The small zoo opened by Tom and Pamela Sellner over fifteen years ago is described by the owners as a labor of love which stemmed from their love and respect for animals.
Some of the more than 150 animals at the Cricket Hollow Zoo in Manchester are certainly not what most people expect to see in a farming community in the Midwest, including lemurs, tigers and lions.
Allegations of Animal Mistreatment
Despite claims of starting the zoo out of respect and love for these wild animals, the couple are being sued by the California-based Animal Legal Defense Fund along with several Iowa residents, claiming that their so-called roadside zoo has been mistreating the animals in its care for years. The trial, which commenced at the beginning of October in a Cedar Rapids federal court, could result in the first court ruling regarding how roadside zoos must care for animals which are considered endangered.
Results for Roadside Zoos
If the lawsuit is won by the plaintiffs, it would mean that owners of roadside zoos are on notice. Jessica Blome the senior attorney of the ALDF, told The Associated Press that if roadside zoo owners don’t treat endangered animals well and ensure that they have access to proper veterinary care, and ensure that the natural environment is in as close proximity as possible, they will have the animals taken off of them as they do not deserve to have them.
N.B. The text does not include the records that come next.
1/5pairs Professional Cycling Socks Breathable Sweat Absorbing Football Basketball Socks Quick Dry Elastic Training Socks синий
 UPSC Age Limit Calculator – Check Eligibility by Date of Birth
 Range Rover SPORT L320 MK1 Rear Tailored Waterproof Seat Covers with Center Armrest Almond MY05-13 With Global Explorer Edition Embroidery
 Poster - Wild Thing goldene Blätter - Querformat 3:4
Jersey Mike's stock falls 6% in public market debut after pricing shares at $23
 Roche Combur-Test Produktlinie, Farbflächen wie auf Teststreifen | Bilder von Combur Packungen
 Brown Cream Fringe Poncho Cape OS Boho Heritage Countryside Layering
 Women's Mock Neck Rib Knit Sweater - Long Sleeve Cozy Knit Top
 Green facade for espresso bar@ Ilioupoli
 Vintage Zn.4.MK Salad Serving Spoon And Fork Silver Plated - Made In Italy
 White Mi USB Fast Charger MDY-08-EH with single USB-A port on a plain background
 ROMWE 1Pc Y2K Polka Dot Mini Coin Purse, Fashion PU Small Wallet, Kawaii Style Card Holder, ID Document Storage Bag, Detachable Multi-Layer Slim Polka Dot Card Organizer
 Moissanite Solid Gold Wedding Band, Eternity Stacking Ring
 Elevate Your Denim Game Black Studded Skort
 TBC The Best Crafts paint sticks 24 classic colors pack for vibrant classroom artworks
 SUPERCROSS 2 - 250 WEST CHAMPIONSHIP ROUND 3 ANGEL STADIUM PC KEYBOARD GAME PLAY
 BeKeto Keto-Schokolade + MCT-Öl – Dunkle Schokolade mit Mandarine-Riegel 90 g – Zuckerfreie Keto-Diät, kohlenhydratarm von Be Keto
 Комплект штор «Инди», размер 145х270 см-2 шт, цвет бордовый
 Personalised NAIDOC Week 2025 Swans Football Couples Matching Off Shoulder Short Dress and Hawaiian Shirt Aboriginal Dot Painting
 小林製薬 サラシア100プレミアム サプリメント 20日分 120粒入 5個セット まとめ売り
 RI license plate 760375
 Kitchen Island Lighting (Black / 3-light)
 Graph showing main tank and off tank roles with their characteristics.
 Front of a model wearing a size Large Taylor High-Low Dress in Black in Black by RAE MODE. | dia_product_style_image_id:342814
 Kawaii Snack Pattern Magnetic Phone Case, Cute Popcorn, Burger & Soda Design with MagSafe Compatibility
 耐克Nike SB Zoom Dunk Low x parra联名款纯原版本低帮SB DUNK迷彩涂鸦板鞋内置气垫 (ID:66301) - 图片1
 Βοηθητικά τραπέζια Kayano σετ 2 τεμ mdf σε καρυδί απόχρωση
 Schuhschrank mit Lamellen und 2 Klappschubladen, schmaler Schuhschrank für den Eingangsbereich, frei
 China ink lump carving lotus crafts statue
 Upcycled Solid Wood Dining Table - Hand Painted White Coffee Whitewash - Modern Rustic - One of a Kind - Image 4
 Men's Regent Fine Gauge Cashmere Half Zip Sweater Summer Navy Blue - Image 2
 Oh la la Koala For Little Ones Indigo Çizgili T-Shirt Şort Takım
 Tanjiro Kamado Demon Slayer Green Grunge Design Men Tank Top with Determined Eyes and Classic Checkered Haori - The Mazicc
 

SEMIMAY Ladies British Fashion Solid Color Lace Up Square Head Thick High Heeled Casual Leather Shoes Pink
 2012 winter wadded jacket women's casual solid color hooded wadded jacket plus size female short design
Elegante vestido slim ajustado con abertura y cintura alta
In court filings and in a statement posted on the zoo’s website, the Sellners deny all of the allegations of animal abuse against them, saying that they love animals and have been unfairly maligned. On the zoo’s website, Pamela Sellner wrote that the couple have personally been subject to receipt of hate mail and even death threats as a result of the lawsuit.
System Overhaul Needed
There have been an estimated number of hundreds of other lawsuits regarding the treatment of animals at roadside zoos in the U.S., however animal rights groups say that the federal oversight system for these zoos is in need of a complete overhaul.
This Iowa lawsuit challenges specifically how the Sellener’s zoo cares for its animals under the Endangered Species Act – three wolves, four tigers and three lemurs. There is a similar case pending in North Carolina, however animal advocates expect the Iowa case to be the one which is resolved first.